Four of those diagnosed are in intensive care and a further 11 people in the town of Barrow-in-Furness by the Irish Sea are suspected of having the disease, a spokesman for Furness General hospital said.

He said the incubation period meant the number of cases could rise to at least a hundred.
Legionnaires' disease is a form of pneumonia caused by bacteria living in water droplets.

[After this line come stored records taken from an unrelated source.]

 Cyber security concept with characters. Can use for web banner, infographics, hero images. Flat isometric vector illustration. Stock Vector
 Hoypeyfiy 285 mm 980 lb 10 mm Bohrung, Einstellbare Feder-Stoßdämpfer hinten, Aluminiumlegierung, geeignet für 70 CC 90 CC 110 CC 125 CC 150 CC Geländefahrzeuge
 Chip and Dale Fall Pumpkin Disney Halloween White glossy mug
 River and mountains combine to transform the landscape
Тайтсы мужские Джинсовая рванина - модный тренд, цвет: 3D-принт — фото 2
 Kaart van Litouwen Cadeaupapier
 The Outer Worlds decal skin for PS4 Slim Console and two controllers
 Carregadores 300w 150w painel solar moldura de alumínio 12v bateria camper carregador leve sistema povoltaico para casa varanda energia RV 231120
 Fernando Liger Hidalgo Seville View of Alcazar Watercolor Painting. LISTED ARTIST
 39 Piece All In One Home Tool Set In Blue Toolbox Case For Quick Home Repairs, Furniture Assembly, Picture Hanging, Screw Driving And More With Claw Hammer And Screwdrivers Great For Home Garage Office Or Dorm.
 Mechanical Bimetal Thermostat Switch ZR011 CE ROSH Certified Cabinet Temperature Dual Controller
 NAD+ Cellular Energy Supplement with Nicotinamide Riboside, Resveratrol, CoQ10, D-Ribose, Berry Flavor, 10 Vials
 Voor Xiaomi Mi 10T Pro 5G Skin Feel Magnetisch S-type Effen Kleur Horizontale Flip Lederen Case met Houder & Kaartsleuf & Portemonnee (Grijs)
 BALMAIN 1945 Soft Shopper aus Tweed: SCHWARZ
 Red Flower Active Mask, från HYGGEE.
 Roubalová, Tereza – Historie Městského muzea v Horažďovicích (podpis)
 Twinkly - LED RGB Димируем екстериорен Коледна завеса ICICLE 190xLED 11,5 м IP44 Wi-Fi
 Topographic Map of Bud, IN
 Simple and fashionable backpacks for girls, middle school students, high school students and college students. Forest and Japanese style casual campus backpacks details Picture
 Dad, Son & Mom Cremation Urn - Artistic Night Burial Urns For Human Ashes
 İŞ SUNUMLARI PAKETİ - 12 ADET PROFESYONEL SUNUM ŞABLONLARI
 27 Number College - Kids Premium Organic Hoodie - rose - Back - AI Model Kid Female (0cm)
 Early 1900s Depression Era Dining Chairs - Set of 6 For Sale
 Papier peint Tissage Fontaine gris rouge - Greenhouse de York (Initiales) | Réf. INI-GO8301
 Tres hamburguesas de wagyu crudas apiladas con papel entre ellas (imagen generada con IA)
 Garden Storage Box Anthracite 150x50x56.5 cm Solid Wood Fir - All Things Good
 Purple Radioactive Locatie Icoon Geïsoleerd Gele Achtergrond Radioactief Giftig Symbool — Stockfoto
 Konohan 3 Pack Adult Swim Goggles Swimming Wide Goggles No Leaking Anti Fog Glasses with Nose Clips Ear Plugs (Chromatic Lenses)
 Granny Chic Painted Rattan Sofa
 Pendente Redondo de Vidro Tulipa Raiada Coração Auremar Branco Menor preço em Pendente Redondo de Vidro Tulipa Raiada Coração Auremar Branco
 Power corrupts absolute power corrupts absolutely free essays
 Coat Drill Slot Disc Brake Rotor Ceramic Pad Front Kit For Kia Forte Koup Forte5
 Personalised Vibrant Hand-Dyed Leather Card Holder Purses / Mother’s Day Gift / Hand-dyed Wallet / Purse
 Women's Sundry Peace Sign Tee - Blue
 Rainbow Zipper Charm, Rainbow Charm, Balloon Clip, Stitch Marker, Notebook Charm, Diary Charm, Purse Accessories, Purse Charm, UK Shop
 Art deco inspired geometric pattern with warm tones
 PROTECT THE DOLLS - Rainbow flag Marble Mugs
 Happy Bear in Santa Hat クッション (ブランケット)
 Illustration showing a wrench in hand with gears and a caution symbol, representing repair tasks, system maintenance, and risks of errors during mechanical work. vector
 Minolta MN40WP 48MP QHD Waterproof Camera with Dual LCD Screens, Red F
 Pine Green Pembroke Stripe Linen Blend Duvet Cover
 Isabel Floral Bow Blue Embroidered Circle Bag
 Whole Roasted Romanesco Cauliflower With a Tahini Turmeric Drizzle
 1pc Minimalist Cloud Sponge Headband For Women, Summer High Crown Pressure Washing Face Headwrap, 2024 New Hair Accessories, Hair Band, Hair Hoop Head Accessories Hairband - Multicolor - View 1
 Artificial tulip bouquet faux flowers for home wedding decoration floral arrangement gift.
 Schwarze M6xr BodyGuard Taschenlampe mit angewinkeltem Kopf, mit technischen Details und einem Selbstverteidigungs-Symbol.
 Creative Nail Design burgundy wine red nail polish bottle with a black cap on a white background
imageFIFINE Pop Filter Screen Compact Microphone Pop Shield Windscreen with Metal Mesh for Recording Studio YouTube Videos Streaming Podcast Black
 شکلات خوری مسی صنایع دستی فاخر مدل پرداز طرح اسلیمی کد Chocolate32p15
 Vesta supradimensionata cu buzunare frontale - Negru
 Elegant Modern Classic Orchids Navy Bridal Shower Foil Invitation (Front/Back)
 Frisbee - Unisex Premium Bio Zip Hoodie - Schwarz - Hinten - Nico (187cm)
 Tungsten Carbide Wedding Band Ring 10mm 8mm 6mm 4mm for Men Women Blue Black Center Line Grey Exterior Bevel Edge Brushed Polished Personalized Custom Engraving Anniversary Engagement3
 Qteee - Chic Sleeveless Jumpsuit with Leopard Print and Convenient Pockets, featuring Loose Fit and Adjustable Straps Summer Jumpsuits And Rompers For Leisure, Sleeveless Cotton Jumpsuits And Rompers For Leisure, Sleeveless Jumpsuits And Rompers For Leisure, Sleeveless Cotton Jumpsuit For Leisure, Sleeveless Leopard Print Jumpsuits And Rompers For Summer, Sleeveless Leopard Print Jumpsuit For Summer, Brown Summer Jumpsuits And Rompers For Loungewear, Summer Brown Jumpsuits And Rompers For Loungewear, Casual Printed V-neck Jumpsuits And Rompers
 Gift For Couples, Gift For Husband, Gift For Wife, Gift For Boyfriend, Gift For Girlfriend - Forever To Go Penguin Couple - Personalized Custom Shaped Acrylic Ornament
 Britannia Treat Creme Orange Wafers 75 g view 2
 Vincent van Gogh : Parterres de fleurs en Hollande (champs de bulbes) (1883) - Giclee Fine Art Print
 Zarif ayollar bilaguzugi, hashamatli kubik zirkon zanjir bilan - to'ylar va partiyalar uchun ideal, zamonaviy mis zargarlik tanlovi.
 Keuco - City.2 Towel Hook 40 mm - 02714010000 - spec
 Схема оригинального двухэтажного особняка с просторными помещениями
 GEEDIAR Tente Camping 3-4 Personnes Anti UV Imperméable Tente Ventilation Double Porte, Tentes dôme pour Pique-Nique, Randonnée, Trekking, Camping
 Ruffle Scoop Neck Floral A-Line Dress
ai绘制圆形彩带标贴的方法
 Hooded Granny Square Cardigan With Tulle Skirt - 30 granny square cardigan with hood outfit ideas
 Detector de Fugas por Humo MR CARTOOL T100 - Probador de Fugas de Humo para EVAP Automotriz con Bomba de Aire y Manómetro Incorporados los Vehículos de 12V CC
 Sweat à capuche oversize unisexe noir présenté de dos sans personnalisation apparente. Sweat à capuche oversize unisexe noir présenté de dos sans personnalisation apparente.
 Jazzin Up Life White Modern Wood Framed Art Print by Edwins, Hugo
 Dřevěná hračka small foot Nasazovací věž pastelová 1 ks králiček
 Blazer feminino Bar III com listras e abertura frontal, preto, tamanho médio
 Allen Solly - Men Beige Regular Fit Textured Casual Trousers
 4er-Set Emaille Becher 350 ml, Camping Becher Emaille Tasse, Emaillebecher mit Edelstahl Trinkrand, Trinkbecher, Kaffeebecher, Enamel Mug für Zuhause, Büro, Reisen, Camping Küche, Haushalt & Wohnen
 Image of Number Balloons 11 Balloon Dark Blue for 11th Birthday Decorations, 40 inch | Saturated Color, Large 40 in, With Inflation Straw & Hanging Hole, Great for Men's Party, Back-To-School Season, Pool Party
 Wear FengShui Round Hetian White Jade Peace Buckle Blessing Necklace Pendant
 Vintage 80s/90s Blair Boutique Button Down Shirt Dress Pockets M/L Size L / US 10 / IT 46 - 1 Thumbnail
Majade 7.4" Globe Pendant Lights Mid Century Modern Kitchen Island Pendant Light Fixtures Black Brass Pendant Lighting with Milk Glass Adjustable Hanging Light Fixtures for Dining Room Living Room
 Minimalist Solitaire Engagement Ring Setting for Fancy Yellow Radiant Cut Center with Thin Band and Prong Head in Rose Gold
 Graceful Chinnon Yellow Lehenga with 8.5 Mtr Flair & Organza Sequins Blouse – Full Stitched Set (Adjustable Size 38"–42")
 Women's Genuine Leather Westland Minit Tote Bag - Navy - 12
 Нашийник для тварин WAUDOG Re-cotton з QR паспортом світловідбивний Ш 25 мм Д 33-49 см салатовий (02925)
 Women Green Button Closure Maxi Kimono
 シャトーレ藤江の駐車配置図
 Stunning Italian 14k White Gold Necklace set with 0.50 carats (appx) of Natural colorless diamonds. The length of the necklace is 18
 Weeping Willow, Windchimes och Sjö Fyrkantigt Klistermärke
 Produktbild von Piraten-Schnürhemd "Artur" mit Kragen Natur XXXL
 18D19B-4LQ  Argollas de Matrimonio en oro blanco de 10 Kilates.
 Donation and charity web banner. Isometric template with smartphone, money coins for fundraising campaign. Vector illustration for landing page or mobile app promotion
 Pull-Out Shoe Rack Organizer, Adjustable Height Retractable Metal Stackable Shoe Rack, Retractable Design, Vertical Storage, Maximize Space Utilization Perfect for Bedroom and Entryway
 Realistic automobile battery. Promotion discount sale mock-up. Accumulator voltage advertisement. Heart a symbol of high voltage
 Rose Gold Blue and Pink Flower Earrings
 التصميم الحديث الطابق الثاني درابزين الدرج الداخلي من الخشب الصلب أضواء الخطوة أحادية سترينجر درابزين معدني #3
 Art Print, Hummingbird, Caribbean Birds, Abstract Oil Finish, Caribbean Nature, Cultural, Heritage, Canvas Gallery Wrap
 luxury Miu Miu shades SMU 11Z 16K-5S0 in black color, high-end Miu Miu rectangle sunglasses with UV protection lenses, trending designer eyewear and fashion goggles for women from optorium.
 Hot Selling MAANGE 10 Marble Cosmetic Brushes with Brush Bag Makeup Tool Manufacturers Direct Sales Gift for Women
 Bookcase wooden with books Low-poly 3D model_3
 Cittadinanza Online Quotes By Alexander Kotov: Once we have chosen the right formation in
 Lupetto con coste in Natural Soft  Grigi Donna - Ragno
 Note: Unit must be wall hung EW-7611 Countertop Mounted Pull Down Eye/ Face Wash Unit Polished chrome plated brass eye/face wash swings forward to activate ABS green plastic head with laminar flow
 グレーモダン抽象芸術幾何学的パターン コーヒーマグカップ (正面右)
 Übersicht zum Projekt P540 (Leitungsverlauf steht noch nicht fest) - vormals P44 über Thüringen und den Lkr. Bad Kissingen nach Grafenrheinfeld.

Symptoms are at first flu-like, followed by fever and chills, then a dry cough.
There is an incubation period of several days between infection and onset of the disease, which has a 15 percent fatality rate.

A team was investigating the cause of the outbreak, Ian Cumming, chief executive of the Morecambe Bay Hospitals Trust, told Sky News television.
"The only thing that links these people is that they all visited Barrow town centre in the past couple of weeks," he said.

"We have narrowed it down to about six possible contamination sites."
Cummings said that a major incident team, set up in Barrow and Furness General hospital, was on alert to deal with more cases. He urged anyone who thought he might be infected to visit a doctor.

The disease was named in 1976 when an outbreak killed 29 people at an American Legion Convention in Philadelphia.

The first cases of Legionnaires' in Britain were spotted in 1977. An outbreak in Stafford in 1985 infected 68 people, of whom 23 died.